Remote distribution of non-classical correlations over 1250 modes between a telecom photon and a $^{171}$Yb$^{3+}$:Y$_2$SiO$_{5}$ crystal

TL;DR

This paper demonstrates a quantum memory capable of storing 1250 modes of non-classical correlations between a telecom photon and a rare-earth doped crystal, enabling high-rate quantum communication over long distances.

Contribution

It introduces the largest multimode quantum memory to date using a $^{171}$Yb$^{3+}$:Y$_2$SiO$_{5}$ crystal, advancing quantum repeater technology.

Findings

Stored 1250 modes in a quantum memory

Achieved non-classical correlations over all modes

Maintained storage for up to 25 microseconds

Abstract

Quantum repeaters based on heralded entanglement require quantum nodes that are able to generate multimode quantum correlations between memories and telecommunication photons.
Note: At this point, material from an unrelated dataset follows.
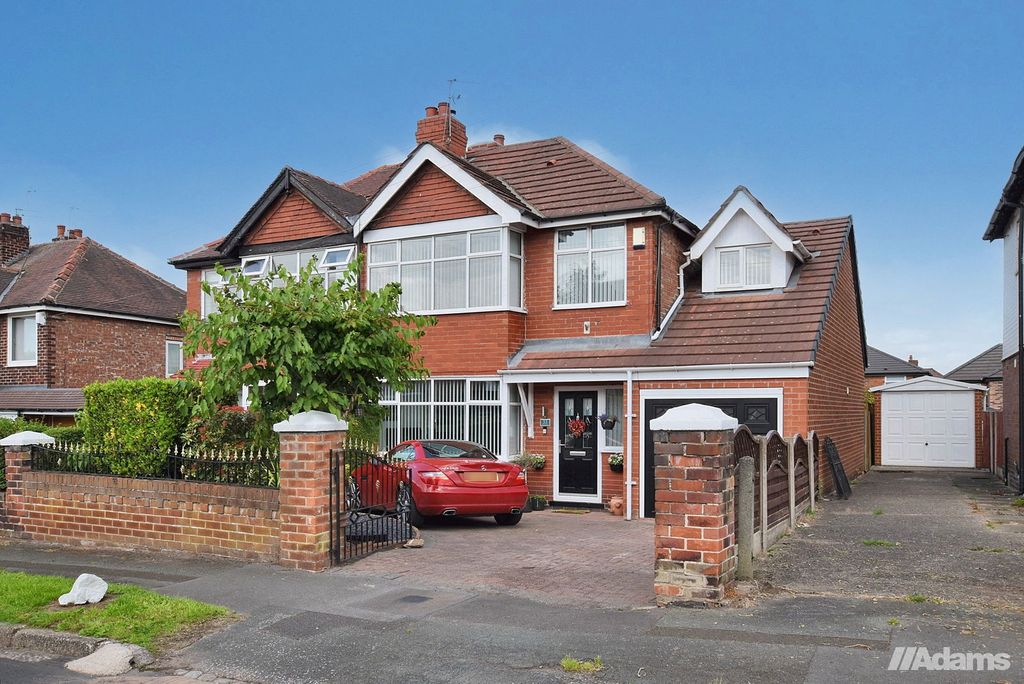 Property photo 2 of 27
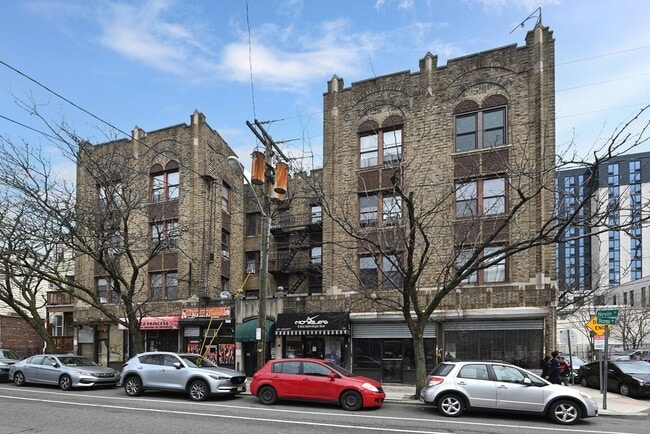 property at 124 Storms Ave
The communication rate scales linearly with the number of modes, yet highly multimode quantum storage remains challenging. In this work, we demonstrate an atomic frequency comb quantum memory with a time-domain mode capacity of 1250 modes and a bandwidth of 100 MHz, to our knowledge the largest number of modes stored in the quantum regime. The memory is based on a $Y_{2}SiO_{5}$ crystal doped with $^{171}Yb^{3+}$ ions, with a memory wavelength of 979 nm. The memory is interfaced with a source of non-degenerate photon pairs at 979 and 1550 nm, bandwidth-matched to the quantum memory. We obtain strong non-classical second-order cross correlations over all modes, for storage times of up to $25$ $\mu s$. The telecommunication photons propagated through 5 km of fiber before the release of the memory photons, a key capability for quantum repeaters based on heralded entanglement and feed-forward operations. Building on this experiment should allow distribution of entanglement between remote quantum nodes, with enhanced rates owing to the high multimode capacity.